Le critiche non sono tardate ad arrivare; i personaggi del mondo dello sport e della politica si sono affrettati a mostrare la loro indignazione di fronte alle affermazioni di un cinico che conosce il prezzo di tutto ma il valore di niente, e molti ne hanno richiesto le dimissioni. Perché non ci dovrebbero essere interessi economici tanto potenti da tutelare quando lo sport più amato dagli italiani degenera prima in una associazione a delinquere dove tutto è corrotto e poi in tragedia con la morte di Raciti a Catania.

E allora hanno deciso di oscurare le partite ai milioni di tifosi d'Italia, condonando solo gli abbonati; sì, quelli a SKY però. Perché alla fin fine le partite si sono giocate lo stesso e gli sponsor, i diritti televisivi, le casse delle società sono nuovamente sani e salvi insieme ai gol della domenica. Che lo spettacolo continui dunque; per i milioni di fedelissimi sparpagliati in tutti i Bar Sport d'Italia, pronti a commentare le scelte dell'allenatore e le azioni più belle della domenica. Quelli che.. “eh no, adesso basta, quando è troppo è troppo, l'abbonamento mica lo rifaccio l'anno prossimo” ma che poi alla fine son sempre lì, sugli spalti al freddo aspettando la sacrosanta partita della domenica, anzi no, del mercoledì sera. Perché oltre al danno c'è la beffa, partita infrasettimanale e pure di sera – che c'è un umido che te lo raccomando – .

Eccoli i tifosi.

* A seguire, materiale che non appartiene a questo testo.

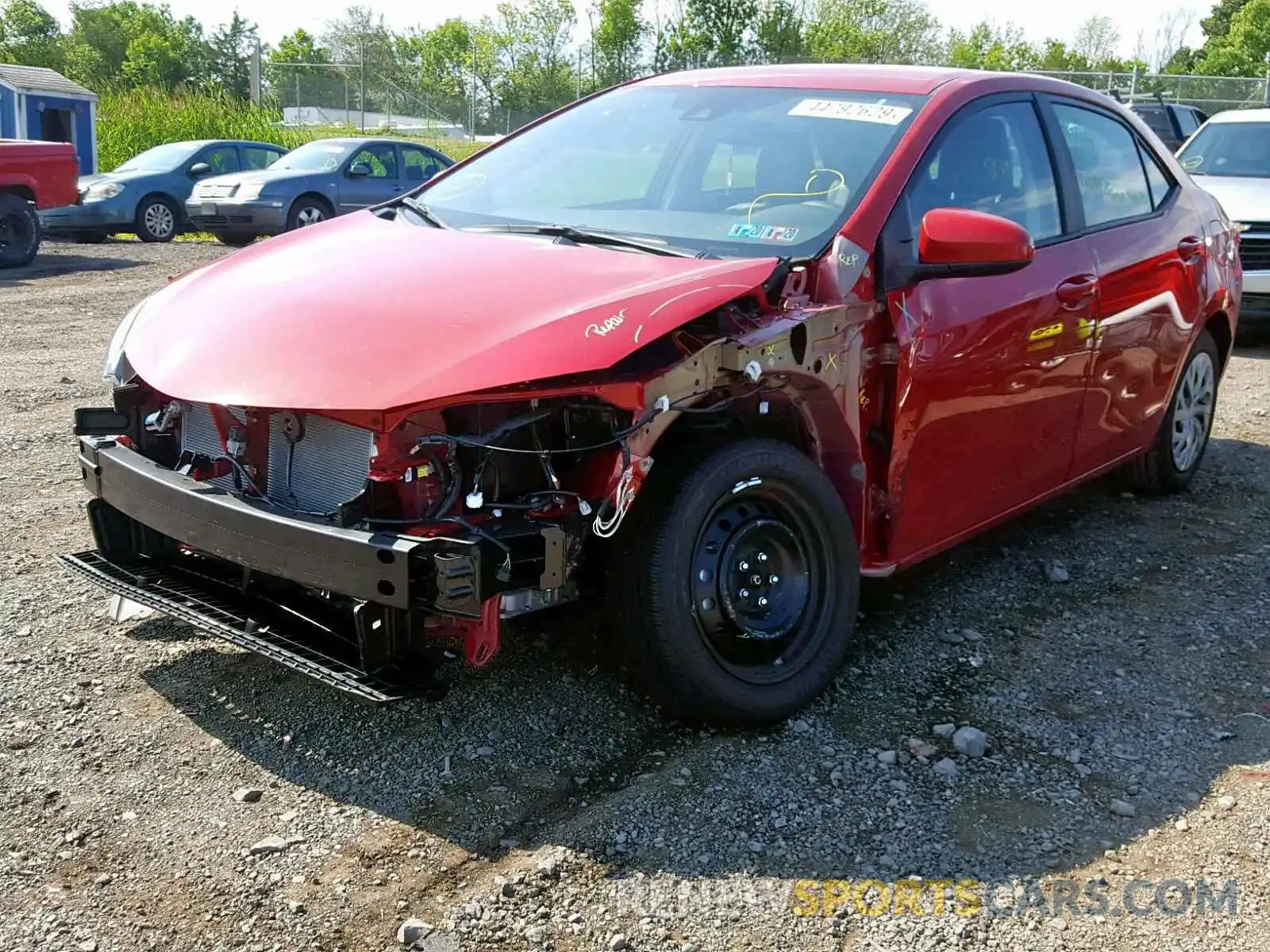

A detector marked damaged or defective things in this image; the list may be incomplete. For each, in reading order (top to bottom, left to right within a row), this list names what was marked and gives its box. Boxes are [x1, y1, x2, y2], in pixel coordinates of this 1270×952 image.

damaged front bumper area [62, 436, 568, 705]
damaged red car [62, 67, 1239, 726]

Loro continuano ad andare allo stadio nonostante tutto, come se niente fosse, come se il calcio di oggi fosse bello come una volta, e intanto esultano, si disperano ed inveiscono, contro l'arbitro, contro Moggi, contro il rigore sulla traversa, contro i gobbi bianco-neri, contro Galliani, contro la mafia del calcio e tutto il sistema corrotto fino ai santi in paradiso. Inveiscono e sperano in un cambiamento. Ma come sperare ancora che questo cambiamento venga dall'alto, dal governo, dalla lega calcio? Dovrebbe sorgere spontaneamente dal basso, come una pianticella, con radici fatte di tifosi disgustati che sanno ancora distinguere il vero sport da una sua messa in scena.

Gli stadi vuoti dovrebbero esserlo per scelta, e non a causa di un decreto governativo.

Questa è la decisione che un popolo che si rispetti prenderebbe davanti ad un tale scempio.

“Gli stadi riaprono ma gli italiani no. Sciopero dei tifosi per salvare il gioco più bello del mondo”. Questa è la notizia che mi piacerebbe leggere sulle prime pagine dei giornali di tutto il mondo. Ma questo ovviamente è solo un sogno alla Martin Luther King. Forse la realtà è che il governo non ferma il campionato perché gli italiani vogliono che il campionato continui, un po' come Matarrese.


[1] Thatcher set to demand FA ban on games in Europe. The Guardian.